L’interdiction de séjour est dénoncée par ses détracteurs comme un détournement de l’état d’urgence. Elle a essentiellement été déployée pendant le mouvement contre la loi travail, pour empêcher des militants soupçonnés de vouloir commettre des violences de rejoindre les cortèges. Il ne s’agissait donc pas de prévenir un risque d’attentat.
Le rétablissement des contrôles aux frontières et la fermeture administrative facilitée de lieux de culte ont aussi été dénoncés par les opposants à l’état d’urgence.
Jean-Baptiste Eyraud, cofondateur de l’association Droit au logement (DAL), a notamment estimé : « On sent que ce sont des mesures prises pour empêcher les réfugiés de mettre le pied sur le territoire français ».
Selon Christine Lazerges, présidente de la CNCDH, le projet de loi qui sera débattu au Sénat les 18 et 19 juillet « pollue le droit commun par des mesures d’exception », de surcroît « inutiles », alors que la justice peut déjà incriminer « l’acte préparatoire d’un acte préparatoire » d’un projet terroriste. « Ce n’est rien d’autre qu’un état d’urgence permanent avec quelques garanties de plus », dit-elle.
Même l’Eglise catholique s’en mêle. Elle est préoccupée par la rédaction de l’article 2 du projet de loi, permettant la fermeture de lieux de culte par le préfet « aux fins de prévention » d’actes terroristes. Pour la Conférence des évêques de France, cet article soulève « mille interrogations » et il risque d’altérer « l’esprit de la loi de 1905 » sur la séparation des Eglises et de l’Etat.
L’état d’urgence se définit essentiellement par 5 mesures: création de périmètre de protection, fermeture de lieu de culte, possibilité d’assignation à résidence, surveillance électronique et perquisition administrative.
Ce régime exceptionnel offre un pouvoir considérable aux autorités administratives qui peuvent désormais se passer de l’autorisation au préalable du juge judiciaire pour ordonner des mesures coercitives, ce qui est manifestement contraire à notre Constitution et, en particulier à son article 66 qui prévoit que « l’autorité judiciaire, gardienne de la liberté individuelle, assure le respect de ce principe dans les conditions prévues par la loi »
D’après un rapport de la Fédération internationale des droits de l’Homme, 3.579 perquisitions administratives ont eu lieu entre le 14 novembre 2015 et le 13 mai 2016.

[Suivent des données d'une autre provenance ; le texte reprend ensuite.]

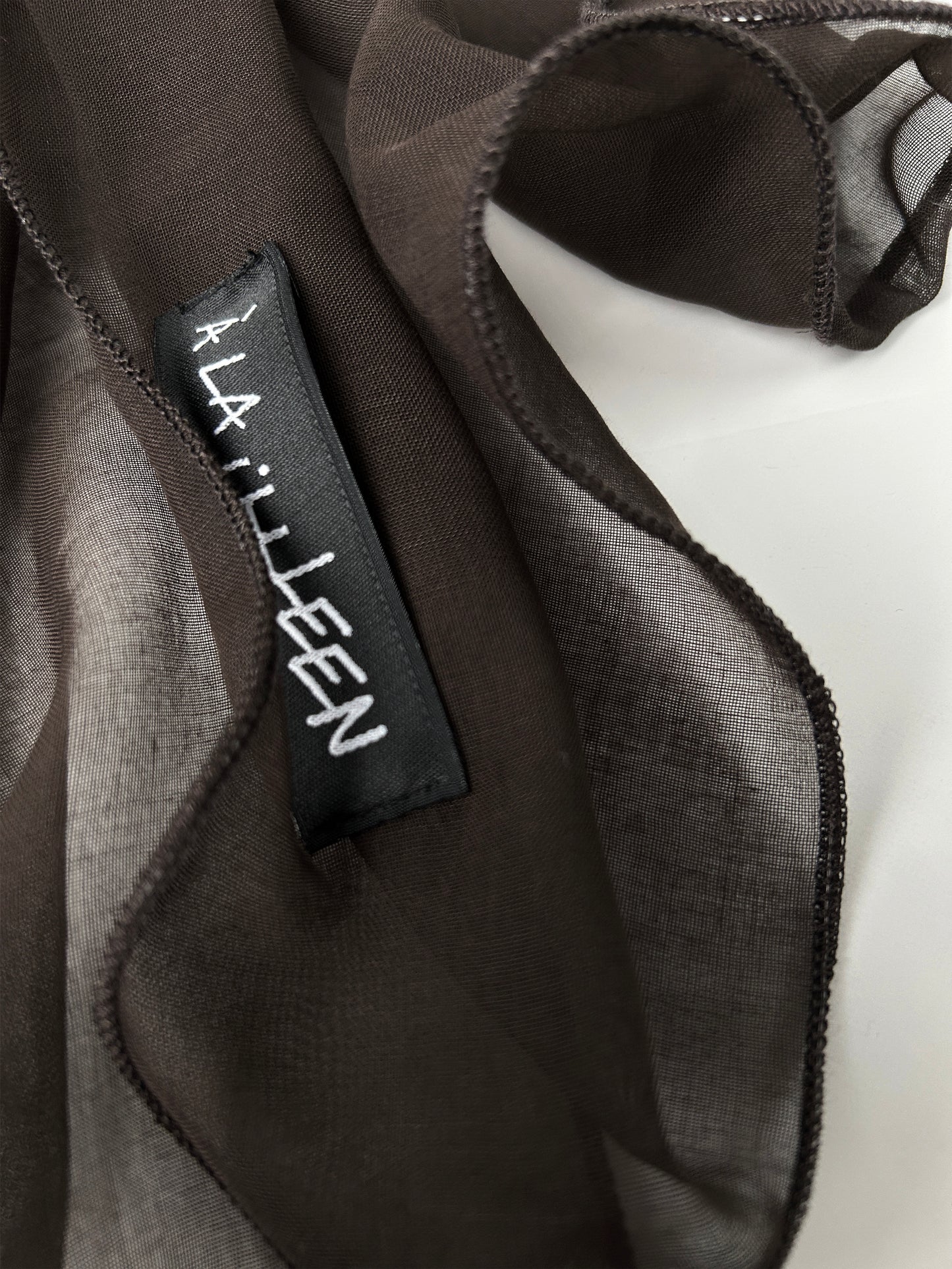 The à la Leen Voile Scarf with Wavy Hems- Brown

Parmi ces dernières, 557 infractions ont été relevées dont uniquement 31 susceptibles de se rattacher au terrorisme et seulement 6 procédures ouvertes du chef d’association de malfaiteurs avec entreprise terroriste.
L’état d’urgence est donc manifestement utilisé par les autorités administratives pour répondre à d’autres fins et traduit de manière évidente un abus de pouvoir.